フェスタたちは設えの良い椅子に座り、ミニテーブルに置かれた高級な紅茶で優雅なティータイムという状態となっていた。
「ジバさん、ちょっとお聞きしたいんですが」
フェスタからジバに声を掛ける。ややジト目である。
武器を買う際に、一度は流した疑問を問い詰めたかったからだ。
ジバは糸目に変化のないまま涼しい顔である。
「さっき、アリサさんに解析かけたって言ってましたよね?」
「はい、初めてお会いした時、握手させて頂いた時に」
やはり、ジバはさらっと答える。
他人に解析を掛けることに関して、何も悪気は無さそうな感じだ。
フェスタはあの時か、と思い出しながらも未だに残っている疑惑をジバに投げかける。
「あの……ひょっとして、私にもかけてたりしますか……解析を」
初対面のアリサに何の断りもなく解析をかけたという事とは、同じく自分にもーーとフェスタが思うのは当然のことであろう。
「はい、初めてお会いした時に……ああ、大丈夫ですよ、秘密はお守りしますからーーフェスティア王女」
紅茶を飲みながら、サラッと彼がフェスタの本名まで知っているという意味の言葉を言ってのけるジバ。

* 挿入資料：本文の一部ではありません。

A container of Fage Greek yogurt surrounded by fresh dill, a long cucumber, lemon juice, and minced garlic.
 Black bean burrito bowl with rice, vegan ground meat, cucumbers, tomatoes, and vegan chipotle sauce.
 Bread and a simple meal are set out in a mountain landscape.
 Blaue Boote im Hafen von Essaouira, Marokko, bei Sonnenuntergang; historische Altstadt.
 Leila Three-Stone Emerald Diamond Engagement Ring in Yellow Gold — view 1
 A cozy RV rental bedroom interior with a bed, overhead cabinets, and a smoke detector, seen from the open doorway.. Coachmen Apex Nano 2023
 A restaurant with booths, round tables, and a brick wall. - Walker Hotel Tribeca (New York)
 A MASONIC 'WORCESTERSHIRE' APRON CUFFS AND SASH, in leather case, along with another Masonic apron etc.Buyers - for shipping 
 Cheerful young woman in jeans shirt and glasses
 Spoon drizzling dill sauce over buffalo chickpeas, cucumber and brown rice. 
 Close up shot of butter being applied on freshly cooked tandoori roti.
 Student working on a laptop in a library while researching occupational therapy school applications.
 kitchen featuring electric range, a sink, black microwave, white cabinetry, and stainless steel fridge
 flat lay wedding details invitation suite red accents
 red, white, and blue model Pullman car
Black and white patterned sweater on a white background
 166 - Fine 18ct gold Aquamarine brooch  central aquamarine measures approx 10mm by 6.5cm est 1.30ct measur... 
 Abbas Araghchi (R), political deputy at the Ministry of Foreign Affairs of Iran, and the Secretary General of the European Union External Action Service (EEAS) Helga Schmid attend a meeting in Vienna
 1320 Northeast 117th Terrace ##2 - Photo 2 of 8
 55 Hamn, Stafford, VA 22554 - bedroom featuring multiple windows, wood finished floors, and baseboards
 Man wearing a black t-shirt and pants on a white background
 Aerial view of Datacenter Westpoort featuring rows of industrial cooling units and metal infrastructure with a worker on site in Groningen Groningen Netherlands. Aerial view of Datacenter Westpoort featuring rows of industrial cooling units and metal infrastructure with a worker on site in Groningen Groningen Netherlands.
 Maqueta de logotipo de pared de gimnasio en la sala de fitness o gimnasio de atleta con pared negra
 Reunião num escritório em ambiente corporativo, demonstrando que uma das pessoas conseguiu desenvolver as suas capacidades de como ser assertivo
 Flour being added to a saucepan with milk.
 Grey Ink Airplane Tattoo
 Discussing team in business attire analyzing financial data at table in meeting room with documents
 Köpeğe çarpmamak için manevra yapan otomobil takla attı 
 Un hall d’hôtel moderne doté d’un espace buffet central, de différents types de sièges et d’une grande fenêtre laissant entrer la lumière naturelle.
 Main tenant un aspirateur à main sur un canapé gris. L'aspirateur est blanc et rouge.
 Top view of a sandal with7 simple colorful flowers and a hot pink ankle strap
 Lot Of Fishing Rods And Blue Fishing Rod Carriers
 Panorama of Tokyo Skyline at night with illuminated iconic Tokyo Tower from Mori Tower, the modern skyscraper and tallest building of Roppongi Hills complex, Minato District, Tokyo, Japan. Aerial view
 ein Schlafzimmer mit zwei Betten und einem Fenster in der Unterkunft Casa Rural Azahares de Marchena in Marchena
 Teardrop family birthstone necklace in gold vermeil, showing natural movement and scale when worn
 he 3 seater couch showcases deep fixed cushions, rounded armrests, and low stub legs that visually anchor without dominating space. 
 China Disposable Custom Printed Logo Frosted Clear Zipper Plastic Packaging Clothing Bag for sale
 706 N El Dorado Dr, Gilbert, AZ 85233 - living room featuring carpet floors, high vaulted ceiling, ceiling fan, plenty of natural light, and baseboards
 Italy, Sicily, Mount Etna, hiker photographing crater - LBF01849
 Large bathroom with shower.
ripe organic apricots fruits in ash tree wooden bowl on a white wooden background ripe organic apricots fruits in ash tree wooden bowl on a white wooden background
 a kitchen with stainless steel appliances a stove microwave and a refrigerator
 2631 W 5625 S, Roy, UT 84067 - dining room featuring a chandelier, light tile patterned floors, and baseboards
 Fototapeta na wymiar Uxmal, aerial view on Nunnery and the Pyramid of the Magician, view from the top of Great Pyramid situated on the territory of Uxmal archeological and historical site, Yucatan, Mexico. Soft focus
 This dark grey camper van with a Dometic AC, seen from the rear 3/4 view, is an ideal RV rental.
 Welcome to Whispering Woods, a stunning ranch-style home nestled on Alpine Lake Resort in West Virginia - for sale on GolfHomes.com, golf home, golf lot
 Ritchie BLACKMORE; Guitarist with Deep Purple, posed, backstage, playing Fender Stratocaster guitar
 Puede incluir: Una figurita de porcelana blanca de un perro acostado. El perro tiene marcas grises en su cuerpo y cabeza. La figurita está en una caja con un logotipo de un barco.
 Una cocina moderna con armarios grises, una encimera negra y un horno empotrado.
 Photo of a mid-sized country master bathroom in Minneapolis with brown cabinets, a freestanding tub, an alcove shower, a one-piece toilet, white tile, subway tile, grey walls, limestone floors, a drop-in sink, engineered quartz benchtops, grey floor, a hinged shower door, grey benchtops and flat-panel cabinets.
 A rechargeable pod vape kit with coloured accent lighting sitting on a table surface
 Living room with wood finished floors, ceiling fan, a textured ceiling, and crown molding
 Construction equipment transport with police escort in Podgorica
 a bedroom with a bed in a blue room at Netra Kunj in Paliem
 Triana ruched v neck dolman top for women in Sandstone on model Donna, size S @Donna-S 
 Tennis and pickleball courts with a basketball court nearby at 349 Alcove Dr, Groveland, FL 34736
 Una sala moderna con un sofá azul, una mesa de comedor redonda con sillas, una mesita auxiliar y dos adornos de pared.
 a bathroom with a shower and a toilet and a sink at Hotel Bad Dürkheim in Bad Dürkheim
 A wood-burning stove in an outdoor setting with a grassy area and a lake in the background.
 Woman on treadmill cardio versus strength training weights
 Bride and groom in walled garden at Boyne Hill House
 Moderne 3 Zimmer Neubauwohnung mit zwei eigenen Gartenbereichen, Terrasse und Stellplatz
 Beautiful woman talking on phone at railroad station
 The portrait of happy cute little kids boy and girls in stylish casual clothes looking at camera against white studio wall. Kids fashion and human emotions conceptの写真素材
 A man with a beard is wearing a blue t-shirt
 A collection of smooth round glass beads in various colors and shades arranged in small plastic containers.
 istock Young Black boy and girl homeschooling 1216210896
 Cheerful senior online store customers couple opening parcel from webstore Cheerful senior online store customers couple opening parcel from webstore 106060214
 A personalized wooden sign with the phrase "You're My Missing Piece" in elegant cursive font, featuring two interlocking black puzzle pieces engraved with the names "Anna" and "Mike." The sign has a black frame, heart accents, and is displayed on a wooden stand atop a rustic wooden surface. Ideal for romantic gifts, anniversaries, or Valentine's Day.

一方フェスタは、自分の予想が悪い方に全て当たっていたおかげで顔が珍しく引き攣っている。
「わ、わ、わた、ワタシがお、王女って知ってて仲間に誘ったんですか?」
声は上ずっているものの、一応は小声である。
一応、離れた場所とはいえ店員は居るし、試着室の中にはアリサも居るからだ。
さすがに焦っているとはいえ、自分の正体を大声でバラすほどフェスタも馬鹿ではない。
「ええ、さすがにお誘いした理由は貴女が王女だから、ということではありませんが」
「そ、それはどういう……」
自分も解析を使えればこんな質問をしなくて済むのだろうか、などと考えながらフェスタはジバに疑問をぶるける。
場所も時もよろしくは無いと分かってはいるが、今が聞き出すチャンスには違いないからだ。
「私のね、知り合いにとてもよく似ていらっしゃるからです。フェスタさん、貴女がね」
と言いながら笑った。
ジバの返事には色んな意図が込められているようにフェスタには感じた。
フェスタの仲間になったのはジバの個人的な事情に深く根差しているらしく、あまり語りたくなさそうだという事が一点。
その個人的な理由というものが、フェスタの親族に関わっているのではないか、というのが一点。
そうでなければ『似ている』という理由だけでわざわざ魔王討伐の旅に付き合おうとはしないだろう。
そして、最後の一点はジバは今フェスタのことをわざわざ『フェスタさん』と呼んだことだ。
フェスティアという本名を知りながらわざわざフェスタという偽名に付き合うーーこれは秘密は守るというジバの意思をフェスタに示してくれたように思えた。
「あの、何と言いますか……ありがとうございます」
何と言えば良いか思い付かず、フェスタはジバに礼を言った。
ジバは紅茶を持ったまま「どういたしまして」と肩を竦めてみせ「紅茶冷めてしまいますよ」と微笑みながら言う。
二人が紅茶を飲み終える頃合でアリサは試着室室から出てきた。
アリサにぴったりのサイズに合わされた防具は、さすが高級品と呼べるほど彼女に馴染んでおり、真っ青な顔をしたアリサだけが全体の調和に残念感を醸し出すのであった。